Every post that performs follows the same underlying structure — and follows a set of principles that compound over time. Here's both: the formula and the rules behind it.
Four steps. In order. Every time. The formula isn't a constraint — it's what prevents a good idea from getting lost in a badly structured post.
The first line is the only line some readers ever see. A bold statement, a question, a surprising number, a relatable scenario — it doesn't matter the form. It matters that it creates enough tension to make someone stop. If the first line doesn't do that job, nothing below it gets a chance.
What's actually at stake. The fear, the risk, the gap the reader hasn't fully articulated yet. This is where the ICP either leans in or moves on. The goal isn't to create fear — it's to name something they already feel but haven't seen written down plainly. Recognition is what keeps someone reading.
The answer. The framework. The reframe. The reason this post deserved the reader's attention. This is what earns the save, the share, the follow. It doesn't have to be groundbreaking — it has to be genuinely useful to the specific person you're writing for. Useful is more powerful than clever every time.
A question that invites a comment. A link in the first comment. An invitation to go deeper. The CTA is not a sales pitch — it's a low-friction next move for someone who found value and wants more. One action per post. Clear, specific, easy to take.
The formula is the structure. These are the principles that determine whether the structure actually works — applied consistently, across every format, every week.
The first line is the entire battle. If it doesn't stop the scroll, the insight doesn't matter, the CTA doesn't matter, nothing else matters. Write the hook last — after you know exactly what value you're delivering — and make it the sharpest sentence in the post.
Attention is the most valuable currency on the platform. Don't spend it on words that don't earn their place. A tight post with a clear point outperforms a long one with a buried message every single time. If it can be cut, cut it.
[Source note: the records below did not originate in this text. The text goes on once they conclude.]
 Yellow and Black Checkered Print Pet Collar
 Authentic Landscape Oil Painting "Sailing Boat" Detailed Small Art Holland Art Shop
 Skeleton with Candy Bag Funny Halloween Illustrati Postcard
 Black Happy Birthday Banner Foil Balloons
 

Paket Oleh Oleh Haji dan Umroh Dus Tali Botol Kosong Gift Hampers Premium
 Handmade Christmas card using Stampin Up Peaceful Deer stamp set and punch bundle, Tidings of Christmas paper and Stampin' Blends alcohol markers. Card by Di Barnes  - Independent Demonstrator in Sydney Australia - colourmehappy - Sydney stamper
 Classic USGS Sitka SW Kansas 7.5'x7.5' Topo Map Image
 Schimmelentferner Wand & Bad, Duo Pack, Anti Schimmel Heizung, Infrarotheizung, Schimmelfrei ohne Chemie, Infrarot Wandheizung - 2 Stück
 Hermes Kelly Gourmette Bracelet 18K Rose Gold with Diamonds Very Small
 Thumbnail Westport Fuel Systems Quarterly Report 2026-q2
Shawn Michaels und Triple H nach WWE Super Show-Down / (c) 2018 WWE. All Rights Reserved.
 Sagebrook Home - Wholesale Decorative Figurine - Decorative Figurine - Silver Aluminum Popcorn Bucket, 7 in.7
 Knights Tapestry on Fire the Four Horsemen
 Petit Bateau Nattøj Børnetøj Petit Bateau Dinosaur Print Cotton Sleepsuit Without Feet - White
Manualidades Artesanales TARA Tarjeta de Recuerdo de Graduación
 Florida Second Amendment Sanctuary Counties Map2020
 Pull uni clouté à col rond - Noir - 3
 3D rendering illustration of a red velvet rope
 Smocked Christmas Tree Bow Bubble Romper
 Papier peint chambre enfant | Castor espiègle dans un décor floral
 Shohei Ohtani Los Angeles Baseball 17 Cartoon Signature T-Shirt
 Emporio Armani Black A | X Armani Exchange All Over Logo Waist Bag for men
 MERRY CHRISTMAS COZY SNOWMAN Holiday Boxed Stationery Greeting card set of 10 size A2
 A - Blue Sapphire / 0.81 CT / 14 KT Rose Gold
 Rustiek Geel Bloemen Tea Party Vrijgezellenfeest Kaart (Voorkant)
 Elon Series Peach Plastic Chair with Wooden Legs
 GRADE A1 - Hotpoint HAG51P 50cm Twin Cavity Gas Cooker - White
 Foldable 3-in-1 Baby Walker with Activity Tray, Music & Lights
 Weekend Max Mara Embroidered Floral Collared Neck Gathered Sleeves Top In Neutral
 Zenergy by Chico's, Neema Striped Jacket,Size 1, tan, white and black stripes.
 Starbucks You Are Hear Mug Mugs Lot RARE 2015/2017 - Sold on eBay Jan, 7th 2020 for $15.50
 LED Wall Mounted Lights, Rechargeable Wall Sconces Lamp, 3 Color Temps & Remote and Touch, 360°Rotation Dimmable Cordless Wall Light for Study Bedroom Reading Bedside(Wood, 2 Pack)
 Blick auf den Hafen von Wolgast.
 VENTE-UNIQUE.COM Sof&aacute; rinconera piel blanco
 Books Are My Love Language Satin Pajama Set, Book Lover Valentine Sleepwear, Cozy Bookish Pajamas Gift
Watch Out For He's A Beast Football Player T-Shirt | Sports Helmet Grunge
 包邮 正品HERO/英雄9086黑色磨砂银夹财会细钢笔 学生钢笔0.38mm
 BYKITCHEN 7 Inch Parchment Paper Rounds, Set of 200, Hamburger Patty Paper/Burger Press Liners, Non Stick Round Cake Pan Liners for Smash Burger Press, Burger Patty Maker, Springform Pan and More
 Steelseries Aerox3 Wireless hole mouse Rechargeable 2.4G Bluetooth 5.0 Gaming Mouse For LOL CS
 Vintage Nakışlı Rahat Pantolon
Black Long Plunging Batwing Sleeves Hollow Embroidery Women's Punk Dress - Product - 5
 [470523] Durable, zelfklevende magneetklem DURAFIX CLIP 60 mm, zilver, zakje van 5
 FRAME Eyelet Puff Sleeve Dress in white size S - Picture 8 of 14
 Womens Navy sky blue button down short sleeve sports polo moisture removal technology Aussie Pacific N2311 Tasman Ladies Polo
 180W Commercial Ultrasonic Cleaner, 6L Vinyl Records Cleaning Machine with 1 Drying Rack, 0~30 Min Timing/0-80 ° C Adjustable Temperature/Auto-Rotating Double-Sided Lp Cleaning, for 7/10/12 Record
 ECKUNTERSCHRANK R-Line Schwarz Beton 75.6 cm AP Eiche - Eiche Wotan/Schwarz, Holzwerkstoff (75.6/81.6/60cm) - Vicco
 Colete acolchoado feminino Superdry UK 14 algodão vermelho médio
Your feed is always growing. The post that performed well three months ago hasn't been seen by most of your current followers — new connections, new eyes, new context. Reposting isn't repetition. It's reaching the audience that wasn't there the first time.
When a post crosses 20K impressions, drives a spike in profile views, or triggers a wave of new followers — act while it's hot. Repost it. Double down on the topic. A post in momentum is already doing the distribution work; the job is to stay in the conversation it opened.
Only tag when the connection is genuine and adds context — a real reference, a direct response, a shared perspective. A relevant tag on a strong post can open your content to an audience that would otherwise never find you. A forced tag reads as noise and damages credibility.
Leave a comment in the first 30–60 minutes after publishing — add context, ask a question, surface a secondary point. It signals active engagement to the algorithm and gives early readers something to react to. The first comment warms up the room before the audience arrives.
Timing matters, but not as much as showing up consistently. At 2 posts a week, the content is what builds the audience — not the exact hour it drops. Study your own analytics over time and adjust, but never let perfect timing become a reason to delay posting. Consistency is the lever that actually compounds.
Style is not decoration — it's trust infrastructure. The way you write is how readers recognize you before they read the name. A consistent voice, one that sounds like a specific human with a specific perspective, builds connection that generic content never can. Style builds trust. Trust builds everything else.
These aren't magic formulas. They're tools. The real secret is value, given consistently.
Every piece of content has a job: expand the audience, deepen the case for a specialist, or convert the convinced. Nothing is posted without a purpose.
The reader isn't looking for an accountant — they're scrolling LinkedIn. The job is to interrupt that scroll as a peer, not a vendor. No mention of Archer. No pitch.
The reader already knows compliance is complex. Now they start to doubt whether their current setup is enough — without being asked for anything.
The reader already trusts Archer. Now they need a concrete, low-risk reason to act. The only posts where Archer talks about its services directly.